■ What you need to do ■
Reproduce the following material exactly, including every line.

■ Data records ■
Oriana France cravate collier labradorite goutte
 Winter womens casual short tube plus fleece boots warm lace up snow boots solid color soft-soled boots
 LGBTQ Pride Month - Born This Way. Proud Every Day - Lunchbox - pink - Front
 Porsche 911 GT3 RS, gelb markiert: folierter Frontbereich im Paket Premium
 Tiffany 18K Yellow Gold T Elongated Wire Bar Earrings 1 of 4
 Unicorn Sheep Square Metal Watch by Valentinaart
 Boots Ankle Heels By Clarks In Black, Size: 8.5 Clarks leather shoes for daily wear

■ Result below ■
Oriana France cravate collier labradorite goutte
 Winter womens casual short tube plus fleece boots warm lace up snow boots solid color soft-soled boots
 LGBTQ Pride Month - Born This Way. Proud Every Day - Lunchbox - pink - Front
 Porsche 911 GT3 RS, gelb markiert: folierter Frontbereich im Paket Premium
 Tiffany 18K Yellow Gold T Elongated Wire Bar Earrings 1 of 4
 Unicorn Sheep Square Metal Watch by Valentinaart
 Boots Ankle Heels By Clarks In Black, Size: 8.5 Clarks leather shoes for daily wear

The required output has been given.